[WHAT THE TASK ASKS]
Your job is to print the listing exactly.

[EXERCISE DATA]
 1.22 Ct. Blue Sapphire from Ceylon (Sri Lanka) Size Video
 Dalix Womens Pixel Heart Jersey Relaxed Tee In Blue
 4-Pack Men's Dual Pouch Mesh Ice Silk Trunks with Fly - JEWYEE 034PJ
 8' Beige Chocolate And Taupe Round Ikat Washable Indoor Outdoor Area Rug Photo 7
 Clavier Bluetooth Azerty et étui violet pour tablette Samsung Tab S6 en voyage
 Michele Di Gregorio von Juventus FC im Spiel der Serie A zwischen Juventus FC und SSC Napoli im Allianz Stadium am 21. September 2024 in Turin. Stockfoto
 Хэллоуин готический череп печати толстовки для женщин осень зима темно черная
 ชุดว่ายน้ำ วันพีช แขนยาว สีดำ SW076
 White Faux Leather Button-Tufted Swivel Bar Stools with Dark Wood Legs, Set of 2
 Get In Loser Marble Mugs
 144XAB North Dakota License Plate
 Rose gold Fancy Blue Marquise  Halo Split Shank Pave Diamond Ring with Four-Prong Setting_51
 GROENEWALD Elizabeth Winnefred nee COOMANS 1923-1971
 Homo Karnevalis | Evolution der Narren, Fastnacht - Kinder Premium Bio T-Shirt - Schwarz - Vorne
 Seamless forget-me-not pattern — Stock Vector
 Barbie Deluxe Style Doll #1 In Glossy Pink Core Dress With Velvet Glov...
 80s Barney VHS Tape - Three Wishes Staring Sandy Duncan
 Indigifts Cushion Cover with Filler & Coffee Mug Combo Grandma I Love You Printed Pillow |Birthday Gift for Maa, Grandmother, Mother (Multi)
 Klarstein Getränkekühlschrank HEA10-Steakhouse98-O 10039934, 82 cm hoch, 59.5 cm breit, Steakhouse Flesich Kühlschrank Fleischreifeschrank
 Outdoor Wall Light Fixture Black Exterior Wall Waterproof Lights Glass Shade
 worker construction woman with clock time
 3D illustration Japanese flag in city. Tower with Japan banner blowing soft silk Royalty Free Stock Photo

[RESPONSE BOX]
 1.22 Ct. Blue Sapphire from Ceylon (Sri Lanka) Size Video
 Dalix Womens Pixel Heart Jersey Relaxed Tee In Blue
 4-Pack Men's Dual Pouch Mesh Ice Silk Trunks with Fly - JEWYEE 034PJ
 8' Beige Chocolate And Taupe Round Ikat Washable Indoor Outdoor Area Rug Photo 7
 Clavier Bluetooth Azerty et étui violet pour tablette Samsung Tab S6 en voyage
 Michele Di Gregorio von Juventus FC im Spiel der Serie A zwischen Juventus FC und SSC Napoli im Allianz Stadium am 21. September 2024 in Turin. Stockfoto
 Хэллоуин готический череп печати толстовки для женщин осень зима темно черная
 ชุดว่ายน้ำ วันพีช แขนยาว สีดำ SW076
 White Faux Leather Button-Tufted Swivel Bar Stools with Dark Wood Legs, Set of 2
 Get In Loser Marble Mugs
 144XAB North Dakota License Plate
 Rose gold Fancy Blue Marquise  Halo Split Shank Pave Diamond Ring with Four-Prong Setting_51
 GROENEWALD Elizabeth Winnefred nee COOMANS 1923-1971
 Homo Karnevalis | Evolution der Narren, Fastnacht - Kinder Premium Bio T-Shirt - Schwarz - Vorne
 Seamless forget-me-not pattern — Stock Vector
 Barbie Deluxe Style Doll #1 In Glossy Pink Core Dress With Velvet Glov...
 80s Barney VHS Tape - Three Wishes Staring Sandy Duncan
 Indigifts Cushion Cover with Filler & Coffee Mug Combo Grandma I Love You Printed Pillow |Birthday Gift for Maa, Grandmother, Mother (Multi)
 Klarstein Getränkekühlschrank HEA10-Steakhouse98-O 10039934, 82 cm hoch, 59.5 cm breit, Steakhouse Flesich Kühlschrank Fleischreifeschrank
 Outdoor Wall Light Fixture Black Exterior Wall Waterproof Lights Glass Shade
 worker construction woman with clock time
 3D illustration Japanese flag in city. Tower with Japan banner blowing soft silk Royalty Free Stock Photo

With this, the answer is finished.